Cadix a donné las alegrías, romeras, cantiñas et mirabrás. Les caracoles qui appartiennent à cette même famille ont été créés par les Gaditans émigrés à Madrid. Des seguiríllas et soleás particulières proviennent également de cette province, ainsi que les bulerias et tangos de Cadix. Paterna de la Rivera qui appartient à cette province, revendique le style petenera. Toutefois, la petenera del Rio, provient d’Almeria.

La ville de Jerez située dans cette province, est un vivier extraordinaire de flamenco où Gitans et non Gitans vivent cette culture en osmose, ce sont des grands spécialistes de la Buleria de Jerez, entre autres.

Les fameux fandangos de Huelva viennent évidemment de cette province de l’extrême Ouest, limitrophe du Portugal, ils ont un rythme de trois temps particulier qui n’est pas suivi de la même manière par la guitare quand il accompagne le chant ou quand elle fait son falsete (solo). Pour ainsi dire chaque village de cette province possède son fandango particulier. Il existe également des soleás et seguirillas spécifiques à cette province.

Une région non incluse en Andalousie, l’Estrémadure, a produit soleás et tangos extremeños propres à cette région.

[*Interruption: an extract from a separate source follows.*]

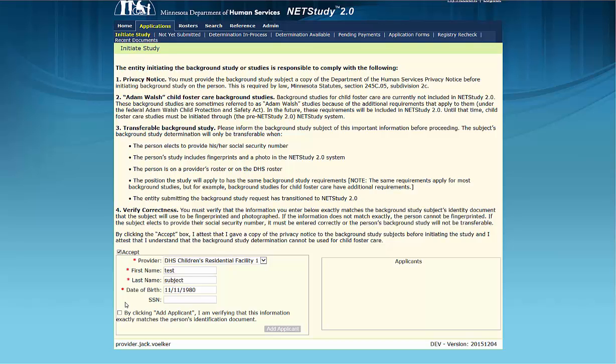If the study subject provided you with his or her social security number, enter the number exactly as it appears on the social security card. Study subjects are not required to provide their social security numbers for a background study. However, if the person wants their study to be transferable to other providers, the social security number is required.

Cette région fit toutefois partie de la civilisation de Tartessos.

D’autres fandangos dits abandolaos sont nés dans les montagnes andalouses, verdiales, fandangos de Lucena, fandangos de Graná, fandangos de Almeria, Jaberas, Rondeñas ont tous un rythme de trois temps semblable. La serrana, c’est-à-dire de la sierra, et la liviana ont le même compás que la seguirilla, soit un douze temps qui commence par trois binaires et finit par deux ternaires.

Les soleás, alegrias, cantiñas, romeras et caracoles, ont également un rythme de douze temps qui pour ces styles commence par deux ternaires et finit par trois binaires. Mise à part la Soleá, les quatre autres styles cités peuvent donner lieu à des fioritures qui changent les temps forts du compás, ou rythme cyclique, les temps forts habituels pour ces palos sont le trois, sept, huit, dix, douze.

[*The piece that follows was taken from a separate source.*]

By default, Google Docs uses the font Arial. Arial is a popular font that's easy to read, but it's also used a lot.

Les tientos ont un compás de quatre temps, les tangos de huit et les bulerías de douze. Les bulerías peuvent passer pour une période plus ou moins longue sur trois temps pour revenir ensuite à douze. Les bulerias ayant un tempo très rapide ont donné à un spectateur maghrébin, l’impression d’un cinq temps, cycle qui existe dans certaines cultures musicales du Maghreb.

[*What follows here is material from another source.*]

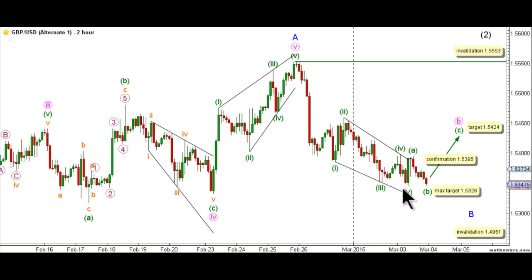To wrap today's analysis up, the main count expects cable to reverse directions and move toward the upside to make a new high to complete wave A blue, while the alternate count expects that a short-term top is in place and that wave B blue is unfolding toward the downside and that any upwards movement should prove corrective in nature. That's all for me today. Happy trading and have a nice day.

N’oublions pas le polo Sevillano et la caña qui ont le même compás que la soleá. Mais il existe une telle quantité de palos qu’il est impossible de tous les répertorier, moi, moins que tous ces flamencologues attitrés et fort respectables.

A titre d’information, il faut parler de la Sévillane, simplement pour dire que cette musique, bien qu’andalouse, n’est pas considérée comme un palo flamenco puisqu’elle ne respecte pas ses caractéristiques, elle est considérée comme du folklore, au même titre que la sardane Catalane ou la jota Aragonaise.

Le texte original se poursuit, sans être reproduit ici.